* Data for analysis
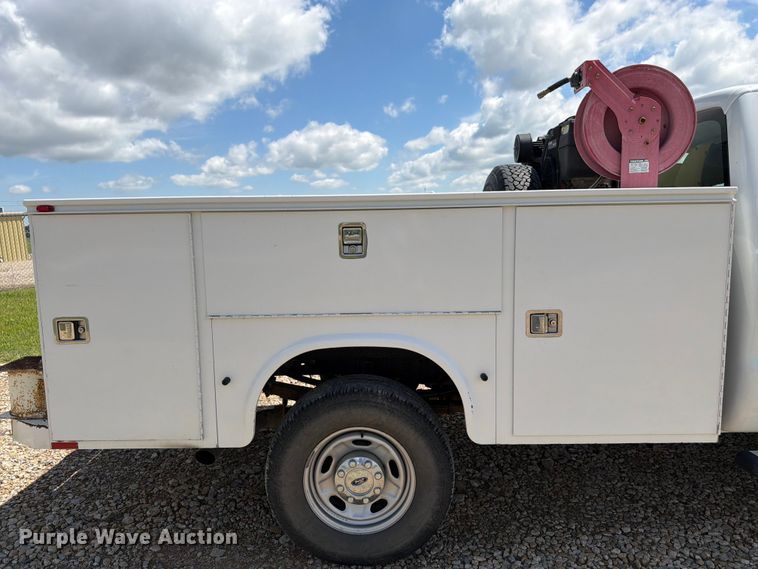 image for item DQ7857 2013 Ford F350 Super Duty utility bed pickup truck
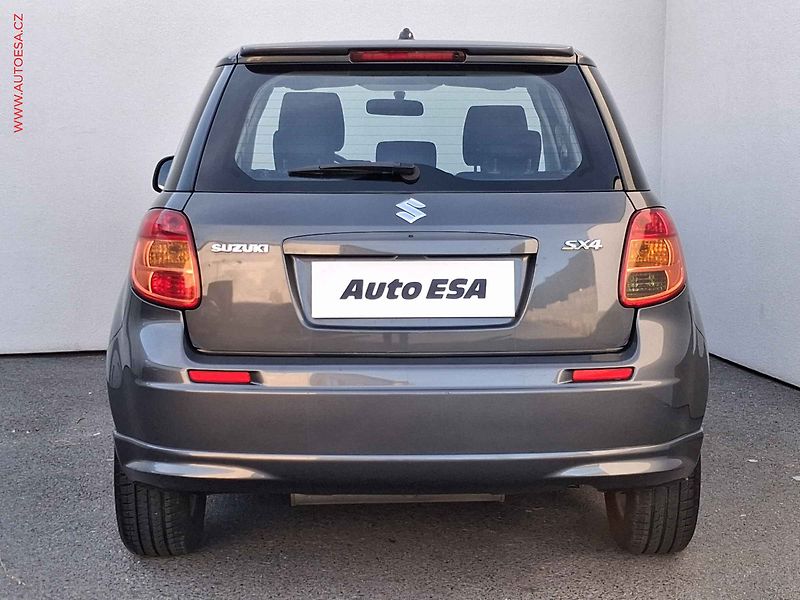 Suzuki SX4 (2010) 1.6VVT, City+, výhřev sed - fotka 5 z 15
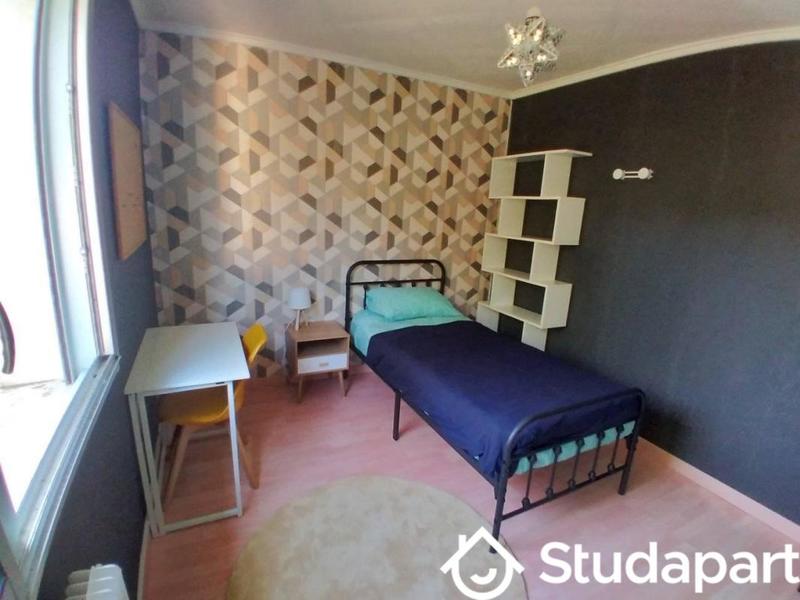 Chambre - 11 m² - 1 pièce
==
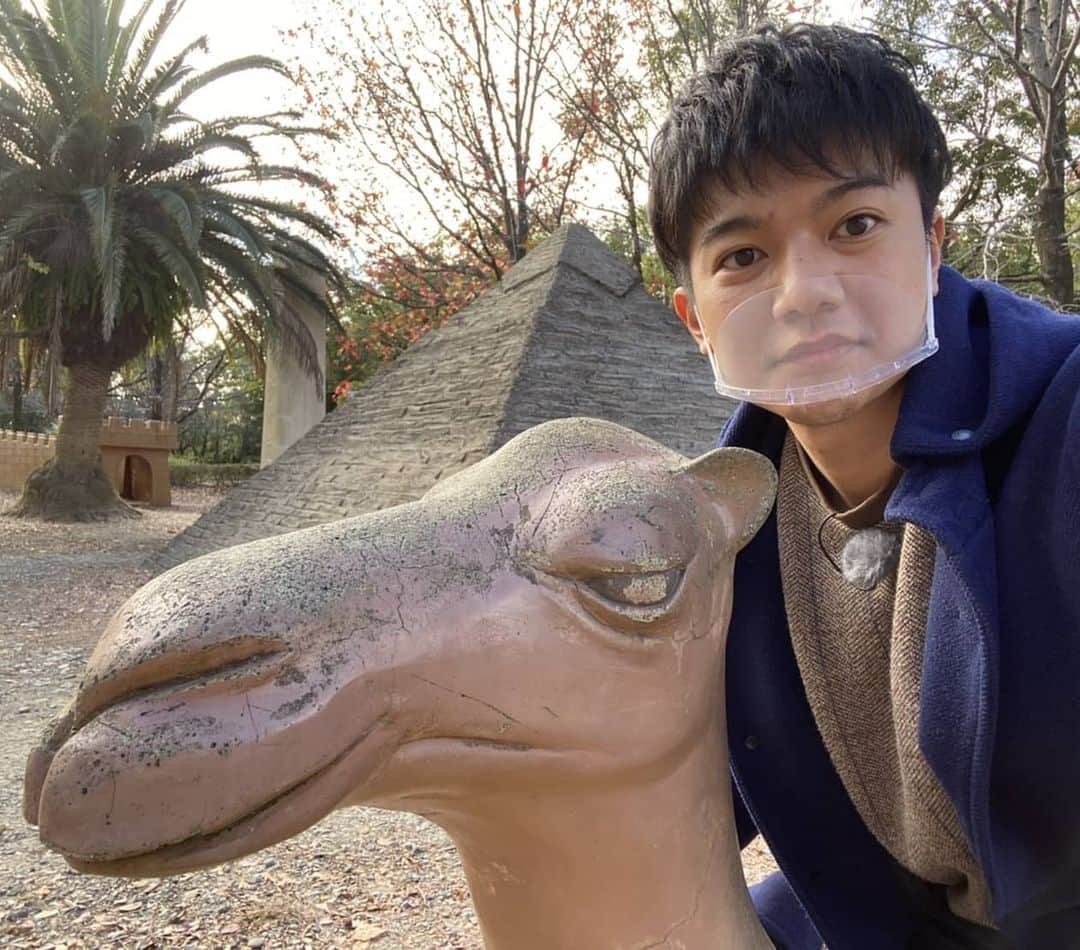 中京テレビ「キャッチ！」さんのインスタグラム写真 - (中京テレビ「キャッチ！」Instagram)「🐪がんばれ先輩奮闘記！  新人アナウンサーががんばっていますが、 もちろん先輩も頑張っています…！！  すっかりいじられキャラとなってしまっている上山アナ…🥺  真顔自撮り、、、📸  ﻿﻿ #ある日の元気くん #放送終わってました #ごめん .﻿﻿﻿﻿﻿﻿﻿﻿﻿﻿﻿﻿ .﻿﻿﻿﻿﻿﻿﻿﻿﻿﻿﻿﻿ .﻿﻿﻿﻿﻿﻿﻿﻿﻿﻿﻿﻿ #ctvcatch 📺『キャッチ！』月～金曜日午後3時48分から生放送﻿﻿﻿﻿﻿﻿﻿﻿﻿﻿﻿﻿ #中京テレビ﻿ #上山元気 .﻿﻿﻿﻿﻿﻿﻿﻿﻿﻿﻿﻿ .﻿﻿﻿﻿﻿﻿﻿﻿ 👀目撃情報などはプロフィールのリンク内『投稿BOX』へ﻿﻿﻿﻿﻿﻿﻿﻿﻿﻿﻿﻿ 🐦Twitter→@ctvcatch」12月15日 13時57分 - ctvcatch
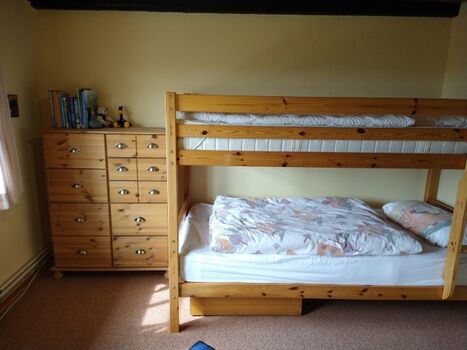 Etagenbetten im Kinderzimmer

* Task directions
Print the part of the listing above that opens with the line containing "image for item" and closes with the line containing "Chambre - 11 m² - 1 pièce". Copy it exactly, both ends included, and omit the pictures.

* Written answer
 image for item DQ7857 2013 Ford F350 Super Duty utility bed pickup truck
 Suzuki SX4 (2010) 1.6VVT, City+, výhřev sed - fotka 5 z 15
 Chambre - 11 m² - 1 pièce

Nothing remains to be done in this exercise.